Que penser alors de toutes ces données. François Hollande, qui a renoncé à briguer un second mandat, ou plutôt qui en a été empêché, avait eu la très malheureuse idée d'annoncer dès septembre 2012 une prochaine « inversion de la courbe du chômage ». Le ministre du Travail de l'époque, Michel Sapin, avait multiplié les circonvolutions pour expliquer les propos présidentiels... très imprudents.

En fait donc, il aura fallu attendre l'année 2016 pour que, réellement, cette courbe du chômage s'inverse. Bien trop tard dans l'esprit du grand public.

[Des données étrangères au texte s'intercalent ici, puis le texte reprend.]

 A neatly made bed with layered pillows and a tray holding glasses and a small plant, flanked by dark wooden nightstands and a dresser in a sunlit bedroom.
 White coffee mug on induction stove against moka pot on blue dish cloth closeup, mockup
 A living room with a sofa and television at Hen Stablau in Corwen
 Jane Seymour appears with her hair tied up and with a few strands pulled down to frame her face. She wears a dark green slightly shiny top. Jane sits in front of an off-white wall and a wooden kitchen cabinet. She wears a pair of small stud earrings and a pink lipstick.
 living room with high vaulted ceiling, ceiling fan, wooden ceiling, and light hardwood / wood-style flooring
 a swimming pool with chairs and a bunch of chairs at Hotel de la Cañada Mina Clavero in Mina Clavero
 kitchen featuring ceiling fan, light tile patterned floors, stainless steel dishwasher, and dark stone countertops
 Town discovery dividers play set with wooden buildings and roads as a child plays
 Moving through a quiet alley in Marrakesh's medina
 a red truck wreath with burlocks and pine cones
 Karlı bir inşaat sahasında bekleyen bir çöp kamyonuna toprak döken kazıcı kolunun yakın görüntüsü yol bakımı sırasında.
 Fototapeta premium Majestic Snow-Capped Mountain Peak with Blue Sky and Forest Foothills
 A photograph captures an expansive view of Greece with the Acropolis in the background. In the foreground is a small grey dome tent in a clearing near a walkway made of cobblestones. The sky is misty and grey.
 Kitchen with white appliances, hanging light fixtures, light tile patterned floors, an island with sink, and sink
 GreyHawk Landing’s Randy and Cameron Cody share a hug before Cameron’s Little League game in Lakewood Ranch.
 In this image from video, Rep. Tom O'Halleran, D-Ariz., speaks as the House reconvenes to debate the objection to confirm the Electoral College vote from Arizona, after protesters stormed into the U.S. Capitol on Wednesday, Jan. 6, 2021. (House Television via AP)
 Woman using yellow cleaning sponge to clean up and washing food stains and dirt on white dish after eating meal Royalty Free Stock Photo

Pourquoi ? Tout simplement parce que la hausse a été beaucoup trop massive sur les quatre premières années du quinquennat. Il faut en effet avoir à l'esprit que, à ce stade, depuis l'arrivée de François Hollande à l'Elysée en mai 2012, il y a tout de même 550.300 inscrits en plus en catégorie « A » et ce malgré la baisse de 2016.

Alors certes, on peut toujours accuser Pôle emploi de « bidouiller » les statistiques, notamment en faisant passer les chômeurs d'une catégorie à une autre. Tout ceci est faux mais le scepticisme demeure malgré tout...Et iI n'y a rien à faire.... Quel que soit le gouvernement en place, il est toujours soupçonné de faire pression sur Pôle emploi pour « truquer» les données mensuelles sur les demandeurs d'emploi en jouant notamment sur les radiations.

Le taux de chômage : le vrai juge de paix

Aussi, afin d'éviter toutes les polémiques sur la façon dont Pôle emploi comptabilise le nombre des demandeurs d'emploi, le vrai juge de paix est davantage constitué par un autre indicateur : le taux de chômage, le seul d'ailleurs reconnu sur le plan international.

Calculé par l'Insee, celui-ci a le mérite de neutraliser certaines données, telle l'augmentation de la population active. Ainsi, selon les dernières prévisions de l'Insee - les données définitives ne sont pas encore connues, il faudra attendre mars- le chômage devrait avoir reculé à 9,6% en métropole (9,9% en France entière) à la fin 2016, soit une baisse de 0,4 point depuis la fin 2015 quand il atteignait 10%. Et cette décrue se poursuivrait jusqu'à la mi-2017 pour atteindre 9,5% de la population active en métropole fin juin.

Reste aussi, qu'au-delà des statistiques officielles, selon une étude de l'OFCE, au total, en intégrant le sous-emploi et le  "halo du chômage" (temps partiel subi, chômeurs découragés qui ne s'inscrivent plus, etc.), ce sont près de 6 millions de personnes qui se trouvent dans une situation fragile vis-à-vis de l'emploi, soit... 8% de plus que quatre ans auparavant, ce qui correspond à 400.000 personnes supplémentaires. Un constat dur à avaler pour une majorité « de gauche » qui avait fait de la baisse du chômage sa priorité. Difficile dans ces conditions de "vendre", politiquement parlant, les récents bons résultats... pourtant réels.